Het privé-archief van Adriaan Van Dis met documenten over leven en werk van Breyten Breytenbach herbergt een schat aan informatie. Zeker de vele krantenartikels, vaak van Van Dis’ eigen hand, nodigen uit tot een discursief onderzoek (T’Sjoen 2023b). In het bijzonder omdat de rol van Van Dis in de beeldvorming van Breytenbach in de Nederlandse media groot is. Samen met vele andere Nederlandse intellectuelen heeft hij zich jarenlang beziggehouden met het onder de aandacht brengen van de dichter en de anti-apartheidsmilitant bij het Nederlandse publiek. In zijn discoursvorming wordt Van Dis sterk beïnvloed door zowel een vriendschapsrelatie met Breytenbach als door maatschappelijke en politieke netwerken én de actualiteit van culturele boycot tegen het apartheidsregime in Zuid-Afrika.

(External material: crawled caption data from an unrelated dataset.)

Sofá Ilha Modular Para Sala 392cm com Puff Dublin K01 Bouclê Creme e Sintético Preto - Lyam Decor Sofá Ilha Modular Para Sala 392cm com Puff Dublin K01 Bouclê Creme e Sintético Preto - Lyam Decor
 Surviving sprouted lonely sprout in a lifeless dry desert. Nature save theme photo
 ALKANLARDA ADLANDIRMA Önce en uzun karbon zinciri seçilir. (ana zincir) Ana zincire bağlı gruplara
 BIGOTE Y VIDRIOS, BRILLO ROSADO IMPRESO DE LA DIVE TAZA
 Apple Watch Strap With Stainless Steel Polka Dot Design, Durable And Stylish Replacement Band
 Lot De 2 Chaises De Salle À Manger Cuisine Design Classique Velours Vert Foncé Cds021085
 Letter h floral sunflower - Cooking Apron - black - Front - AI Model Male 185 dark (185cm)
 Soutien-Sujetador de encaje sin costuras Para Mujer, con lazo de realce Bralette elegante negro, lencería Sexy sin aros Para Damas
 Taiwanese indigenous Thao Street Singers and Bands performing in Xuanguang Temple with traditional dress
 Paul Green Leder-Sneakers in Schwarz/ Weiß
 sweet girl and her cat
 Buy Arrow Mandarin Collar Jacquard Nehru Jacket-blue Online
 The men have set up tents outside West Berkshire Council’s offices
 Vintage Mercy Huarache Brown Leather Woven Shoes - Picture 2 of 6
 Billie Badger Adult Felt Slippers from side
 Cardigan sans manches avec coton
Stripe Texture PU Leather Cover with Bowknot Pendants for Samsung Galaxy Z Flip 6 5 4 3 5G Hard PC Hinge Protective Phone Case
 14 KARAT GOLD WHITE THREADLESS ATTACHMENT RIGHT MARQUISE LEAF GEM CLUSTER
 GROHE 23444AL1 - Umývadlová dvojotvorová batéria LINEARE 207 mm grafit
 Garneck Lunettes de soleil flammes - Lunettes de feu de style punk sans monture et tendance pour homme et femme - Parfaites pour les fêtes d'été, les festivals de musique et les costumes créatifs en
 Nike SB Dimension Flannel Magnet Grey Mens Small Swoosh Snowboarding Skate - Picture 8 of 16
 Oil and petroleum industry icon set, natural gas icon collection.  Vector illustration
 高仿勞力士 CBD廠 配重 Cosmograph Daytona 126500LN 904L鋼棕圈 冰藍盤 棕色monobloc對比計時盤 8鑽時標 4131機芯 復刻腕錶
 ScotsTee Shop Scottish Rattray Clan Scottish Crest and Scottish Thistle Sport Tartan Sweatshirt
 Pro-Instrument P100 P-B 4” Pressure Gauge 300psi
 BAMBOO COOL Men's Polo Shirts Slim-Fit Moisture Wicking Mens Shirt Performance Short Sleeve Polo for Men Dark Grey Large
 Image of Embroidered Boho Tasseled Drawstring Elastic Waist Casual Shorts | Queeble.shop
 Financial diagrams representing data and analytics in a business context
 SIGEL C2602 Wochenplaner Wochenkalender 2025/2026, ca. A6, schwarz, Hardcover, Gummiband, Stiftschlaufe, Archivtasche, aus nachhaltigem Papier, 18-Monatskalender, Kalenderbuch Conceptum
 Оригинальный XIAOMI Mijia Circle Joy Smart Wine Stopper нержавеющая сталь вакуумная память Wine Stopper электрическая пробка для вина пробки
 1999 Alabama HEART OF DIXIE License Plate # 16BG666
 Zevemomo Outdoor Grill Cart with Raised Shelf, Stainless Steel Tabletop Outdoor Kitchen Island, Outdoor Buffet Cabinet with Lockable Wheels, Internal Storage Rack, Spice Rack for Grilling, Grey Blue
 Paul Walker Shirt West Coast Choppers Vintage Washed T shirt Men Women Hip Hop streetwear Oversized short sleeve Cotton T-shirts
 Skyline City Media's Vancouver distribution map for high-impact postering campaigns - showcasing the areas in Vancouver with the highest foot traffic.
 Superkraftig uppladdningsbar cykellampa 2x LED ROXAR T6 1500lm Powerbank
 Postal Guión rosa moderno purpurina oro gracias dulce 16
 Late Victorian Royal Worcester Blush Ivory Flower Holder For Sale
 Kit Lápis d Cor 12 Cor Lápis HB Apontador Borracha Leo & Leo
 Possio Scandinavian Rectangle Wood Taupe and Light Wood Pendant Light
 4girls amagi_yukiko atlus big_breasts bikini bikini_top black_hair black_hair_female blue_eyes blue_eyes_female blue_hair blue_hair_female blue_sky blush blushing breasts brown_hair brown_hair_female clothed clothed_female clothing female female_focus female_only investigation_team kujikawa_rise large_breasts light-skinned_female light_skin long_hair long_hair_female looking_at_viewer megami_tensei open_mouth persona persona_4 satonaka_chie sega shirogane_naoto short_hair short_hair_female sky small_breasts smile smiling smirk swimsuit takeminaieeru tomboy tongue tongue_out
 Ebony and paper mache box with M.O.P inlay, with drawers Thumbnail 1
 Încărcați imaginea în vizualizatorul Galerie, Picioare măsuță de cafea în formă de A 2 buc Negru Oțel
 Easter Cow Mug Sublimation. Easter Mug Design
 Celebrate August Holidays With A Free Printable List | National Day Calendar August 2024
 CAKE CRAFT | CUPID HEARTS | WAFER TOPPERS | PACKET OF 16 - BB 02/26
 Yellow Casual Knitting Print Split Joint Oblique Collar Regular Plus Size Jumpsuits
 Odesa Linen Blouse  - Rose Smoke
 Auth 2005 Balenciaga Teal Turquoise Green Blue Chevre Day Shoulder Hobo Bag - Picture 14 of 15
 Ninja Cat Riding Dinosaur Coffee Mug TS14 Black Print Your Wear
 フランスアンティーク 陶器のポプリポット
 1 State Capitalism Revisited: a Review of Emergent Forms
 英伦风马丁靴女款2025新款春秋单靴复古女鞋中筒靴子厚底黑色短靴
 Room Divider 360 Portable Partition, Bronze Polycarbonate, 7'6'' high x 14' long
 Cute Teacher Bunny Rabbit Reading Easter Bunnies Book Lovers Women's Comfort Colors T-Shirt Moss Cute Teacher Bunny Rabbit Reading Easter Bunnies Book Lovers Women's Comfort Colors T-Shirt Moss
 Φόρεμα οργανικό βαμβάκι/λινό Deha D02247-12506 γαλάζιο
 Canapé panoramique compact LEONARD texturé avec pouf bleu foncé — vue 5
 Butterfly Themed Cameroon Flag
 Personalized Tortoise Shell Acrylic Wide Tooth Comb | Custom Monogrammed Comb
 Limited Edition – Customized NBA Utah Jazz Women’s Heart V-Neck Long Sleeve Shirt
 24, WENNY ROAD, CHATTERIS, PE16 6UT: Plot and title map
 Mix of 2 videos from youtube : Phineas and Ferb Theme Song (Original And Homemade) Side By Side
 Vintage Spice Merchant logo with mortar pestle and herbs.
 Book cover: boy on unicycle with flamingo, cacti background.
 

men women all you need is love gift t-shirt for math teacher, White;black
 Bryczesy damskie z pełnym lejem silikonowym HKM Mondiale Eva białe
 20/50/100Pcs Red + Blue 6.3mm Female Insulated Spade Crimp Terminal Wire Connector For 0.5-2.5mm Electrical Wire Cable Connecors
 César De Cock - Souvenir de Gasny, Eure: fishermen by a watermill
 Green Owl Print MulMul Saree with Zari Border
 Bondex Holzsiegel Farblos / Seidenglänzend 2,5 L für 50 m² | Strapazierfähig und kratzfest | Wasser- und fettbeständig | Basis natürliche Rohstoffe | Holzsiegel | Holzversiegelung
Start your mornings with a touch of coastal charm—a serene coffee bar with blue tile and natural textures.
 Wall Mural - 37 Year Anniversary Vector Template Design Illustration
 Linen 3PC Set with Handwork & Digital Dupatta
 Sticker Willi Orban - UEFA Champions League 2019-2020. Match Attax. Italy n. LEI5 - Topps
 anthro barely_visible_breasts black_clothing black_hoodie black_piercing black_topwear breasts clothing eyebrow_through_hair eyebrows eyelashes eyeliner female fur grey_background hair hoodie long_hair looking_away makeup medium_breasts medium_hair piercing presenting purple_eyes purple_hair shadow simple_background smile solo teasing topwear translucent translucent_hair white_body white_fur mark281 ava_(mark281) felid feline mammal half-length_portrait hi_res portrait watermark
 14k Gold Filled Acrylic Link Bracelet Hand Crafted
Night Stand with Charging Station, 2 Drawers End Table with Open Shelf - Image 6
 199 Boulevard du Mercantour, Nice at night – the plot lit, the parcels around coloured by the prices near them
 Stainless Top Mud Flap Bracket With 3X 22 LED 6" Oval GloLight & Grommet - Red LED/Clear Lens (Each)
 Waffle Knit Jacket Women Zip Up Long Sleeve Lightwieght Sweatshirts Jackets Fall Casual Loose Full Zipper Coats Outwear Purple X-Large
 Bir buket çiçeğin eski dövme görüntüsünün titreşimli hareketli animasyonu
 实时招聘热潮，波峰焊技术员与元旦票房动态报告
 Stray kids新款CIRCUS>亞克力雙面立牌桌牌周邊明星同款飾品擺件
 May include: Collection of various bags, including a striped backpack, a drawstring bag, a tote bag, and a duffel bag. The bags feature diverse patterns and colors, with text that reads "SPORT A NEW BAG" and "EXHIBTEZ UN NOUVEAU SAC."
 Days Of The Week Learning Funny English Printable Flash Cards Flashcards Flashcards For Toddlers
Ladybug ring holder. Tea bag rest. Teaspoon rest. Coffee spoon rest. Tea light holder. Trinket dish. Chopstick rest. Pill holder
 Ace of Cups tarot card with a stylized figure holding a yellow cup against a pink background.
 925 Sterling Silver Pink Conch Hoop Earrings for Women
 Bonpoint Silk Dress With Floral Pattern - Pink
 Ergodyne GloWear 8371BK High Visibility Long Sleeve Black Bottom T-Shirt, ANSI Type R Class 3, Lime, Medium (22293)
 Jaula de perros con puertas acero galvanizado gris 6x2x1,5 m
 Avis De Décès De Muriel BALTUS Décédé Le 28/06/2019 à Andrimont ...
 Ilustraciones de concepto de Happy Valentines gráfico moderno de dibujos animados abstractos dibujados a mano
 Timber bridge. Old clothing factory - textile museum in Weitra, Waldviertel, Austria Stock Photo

In deze driedelige reeks bestudeer ik Van Dis’ publieke discours vanuit verschillende invalshoeken: (1) vóór Breytenbachs tijd als gedetineerde vanaf 1975, (2) na Breytenbachs vervroegde vrijlating in december 1982 en tot slot (3) de manieren waarop Van Dis de dichter en zijn poëzie voor het voetlicht brengt. Algemeen gesproken zijn er twee grote lijnen terug te vinden in de commentaren: Van Dis’ aanhoudende steun voor de dichter en daarnaast een steeds meer politiek gerichte lezing van Breytenbachs poëzie.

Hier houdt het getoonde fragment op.